Genome Dereplication

Dereplicate a set of genomes using a threshold for ANI (Average Nucleotide Identity) or AAI (Average Amino Acid Identity).

Use this application to identify representatives from a collection of (redundant) genomes

Input

A collection of genomes (assemblies), typically 10 or more, where some are suspected to belong to the same genomic group.

Parameters

  • Index method: Select the search engines for the all-vs-all comparisons. We strongly recommend using the default, Fast, which uses Diamond-based AAI and FastANI. If you would like your results to be directly comparable to BLAST-based AAI and ANI, you should select Sensitive.

  • Distance metric: Select the type of distance metric to use. If you dereplicate your genomes at or below the species level, use Average Nucleotide Identity or ANI. If you want to dereplicate your genomes at or above the genus level, use Average Amino Acid Identity or AAI.

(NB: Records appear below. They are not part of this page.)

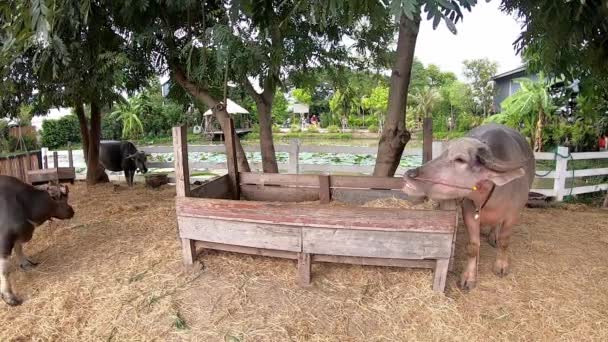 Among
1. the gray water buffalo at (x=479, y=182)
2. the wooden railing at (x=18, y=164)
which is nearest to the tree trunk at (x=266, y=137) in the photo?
the gray water buffalo at (x=479, y=182)

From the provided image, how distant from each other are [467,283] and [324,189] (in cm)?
157

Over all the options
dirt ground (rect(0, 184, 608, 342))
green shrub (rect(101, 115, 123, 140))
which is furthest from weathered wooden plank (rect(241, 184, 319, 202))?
green shrub (rect(101, 115, 123, 140))

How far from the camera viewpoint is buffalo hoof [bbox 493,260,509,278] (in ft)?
9.95

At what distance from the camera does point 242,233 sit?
2.84 meters

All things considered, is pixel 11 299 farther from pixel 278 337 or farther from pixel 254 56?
pixel 254 56

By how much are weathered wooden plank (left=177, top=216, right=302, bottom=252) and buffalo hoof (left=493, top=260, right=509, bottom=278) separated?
1570 millimetres

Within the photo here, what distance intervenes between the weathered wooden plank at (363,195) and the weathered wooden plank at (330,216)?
126 centimetres

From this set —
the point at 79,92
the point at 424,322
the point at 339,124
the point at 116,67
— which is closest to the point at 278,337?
the point at 424,322

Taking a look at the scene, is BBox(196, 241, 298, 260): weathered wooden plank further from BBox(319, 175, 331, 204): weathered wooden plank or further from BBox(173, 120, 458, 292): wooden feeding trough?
BBox(319, 175, 331, 204): weathered wooden plank

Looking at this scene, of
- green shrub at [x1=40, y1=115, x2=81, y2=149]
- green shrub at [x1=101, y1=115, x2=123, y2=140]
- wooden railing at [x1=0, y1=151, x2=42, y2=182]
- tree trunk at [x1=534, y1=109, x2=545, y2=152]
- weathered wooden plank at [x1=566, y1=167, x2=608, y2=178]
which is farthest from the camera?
green shrub at [x1=101, y1=115, x2=123, y2=140]

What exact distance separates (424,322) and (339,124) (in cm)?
3000

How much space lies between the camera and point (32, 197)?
3.26 metres

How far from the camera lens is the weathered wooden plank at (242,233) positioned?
2734 mm

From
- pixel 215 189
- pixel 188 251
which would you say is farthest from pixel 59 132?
pixel 188 251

  • Metric threshold: Minimum percentage value of AAI or ANI to group genomes together. For reference, species-level groups typically correspond to ANI ≥ 95%, whereas genus-level groups typically correspond to AAI ≥ 60%. You can increase this value to select smaller, more redundant groups; or increase it to generate larger groups.

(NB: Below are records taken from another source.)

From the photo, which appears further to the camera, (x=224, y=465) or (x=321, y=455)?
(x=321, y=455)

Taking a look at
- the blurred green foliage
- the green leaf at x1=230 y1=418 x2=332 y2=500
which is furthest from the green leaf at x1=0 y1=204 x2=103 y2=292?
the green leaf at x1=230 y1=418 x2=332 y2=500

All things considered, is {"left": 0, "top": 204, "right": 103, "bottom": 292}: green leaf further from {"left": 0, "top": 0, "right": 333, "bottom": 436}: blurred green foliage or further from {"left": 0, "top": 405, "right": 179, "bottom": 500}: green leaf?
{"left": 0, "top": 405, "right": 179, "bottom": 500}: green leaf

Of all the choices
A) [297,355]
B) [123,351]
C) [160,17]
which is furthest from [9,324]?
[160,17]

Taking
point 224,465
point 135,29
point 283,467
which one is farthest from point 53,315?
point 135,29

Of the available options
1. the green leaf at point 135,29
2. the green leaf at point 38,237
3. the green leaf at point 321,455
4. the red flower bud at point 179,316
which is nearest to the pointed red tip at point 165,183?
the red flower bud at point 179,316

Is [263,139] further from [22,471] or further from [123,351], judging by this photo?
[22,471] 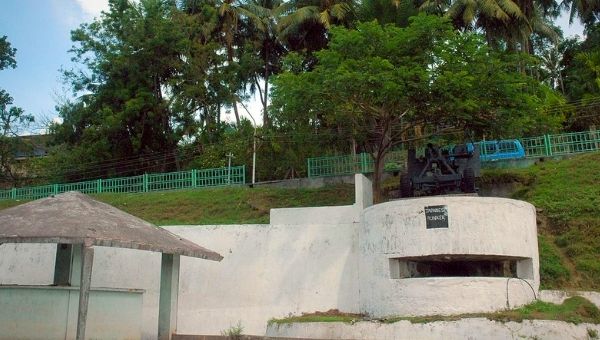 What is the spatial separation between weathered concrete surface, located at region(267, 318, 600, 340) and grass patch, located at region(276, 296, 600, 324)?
0.12 meters

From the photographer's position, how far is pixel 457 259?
1337 centimetres

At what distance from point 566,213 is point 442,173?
13.1 feet

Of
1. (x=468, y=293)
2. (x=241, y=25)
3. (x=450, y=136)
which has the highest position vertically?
(x=241, y=25)

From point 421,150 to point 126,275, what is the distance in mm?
11659

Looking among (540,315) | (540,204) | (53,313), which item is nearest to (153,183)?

  • Representative Criterion: Criterion to pick cluster representatives. Once MiGA identifies non-redundant groups of genomes, it will also propose a single genome from each group to serve as the representative of the group. If your genomes vary widely in quality, it's a good idea to pick Highest genome quality. However, if all genomes in the collection are of comparable quality (e.g., all are complete genomes), you can ask MiGA to select instead the genome closest to the center of the cluster, Cluster medoids.